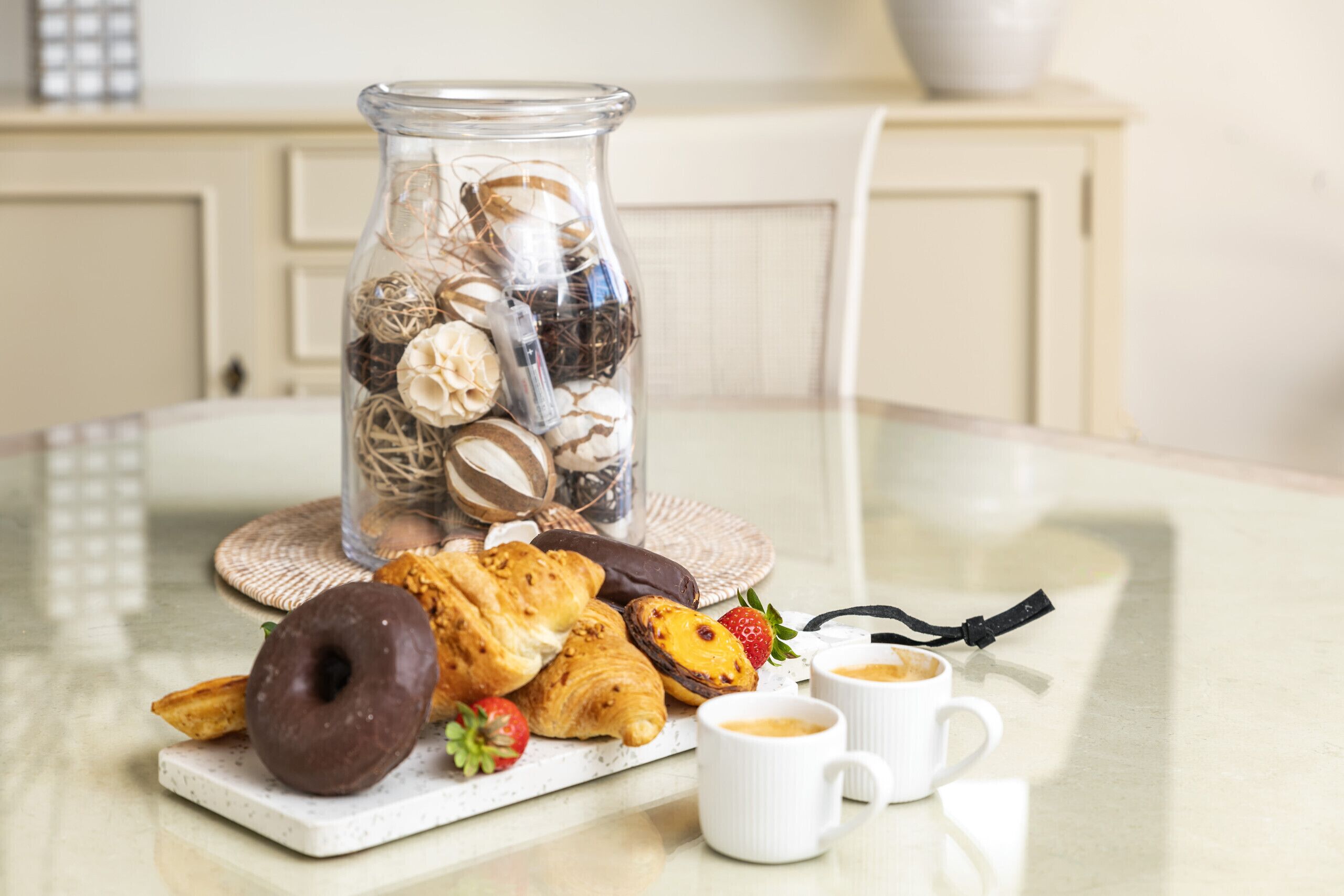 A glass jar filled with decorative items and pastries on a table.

--

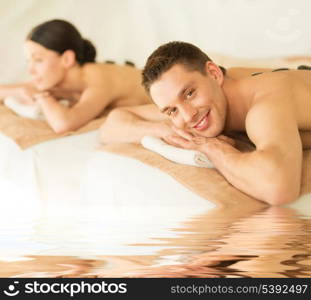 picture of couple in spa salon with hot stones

--

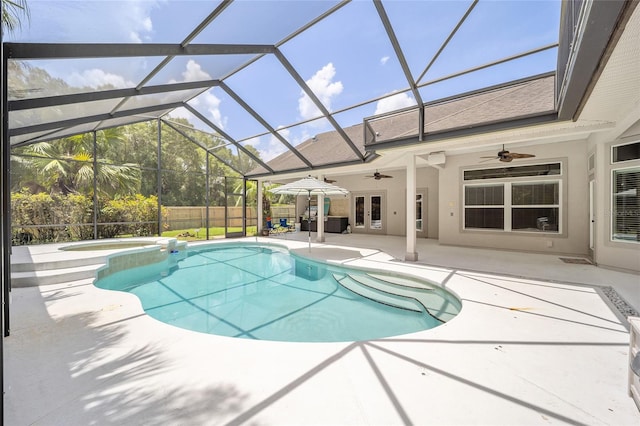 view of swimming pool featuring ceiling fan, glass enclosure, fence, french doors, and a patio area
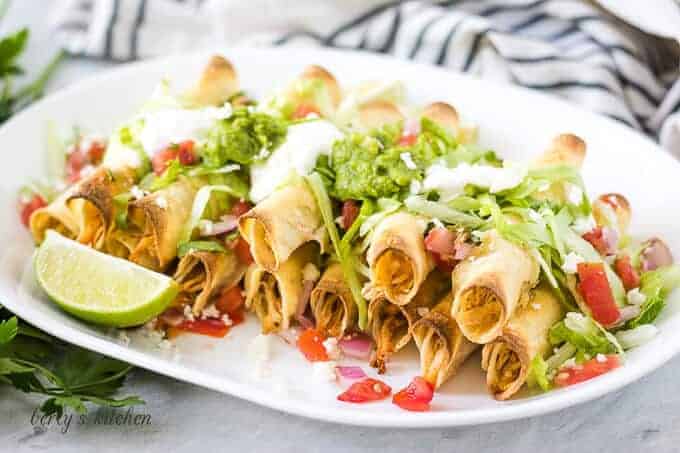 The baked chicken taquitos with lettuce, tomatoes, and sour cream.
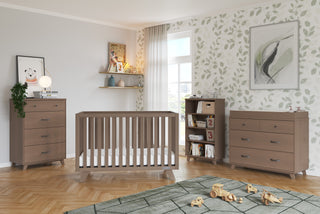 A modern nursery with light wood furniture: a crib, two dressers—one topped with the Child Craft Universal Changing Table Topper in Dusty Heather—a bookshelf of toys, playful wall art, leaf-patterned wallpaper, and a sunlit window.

--

Activity -> An exact copy is needed of the stretch above that opens with the line containing "The baked chicken" and closes with the line containing "A modern nursery"; the pictures are not part of it.

Your solution ->
 The baked chicken taquitos with lettuce, tomatoes, and sour cream.
 A modern nursery with light wood furniture: a crib, two dressers—one topped with the Child Craft Universal Changing Table Topper in Dusty Heather—a bookshelf of toys, playful wall art, leaf-patterned wallpaper, and a sunlit window.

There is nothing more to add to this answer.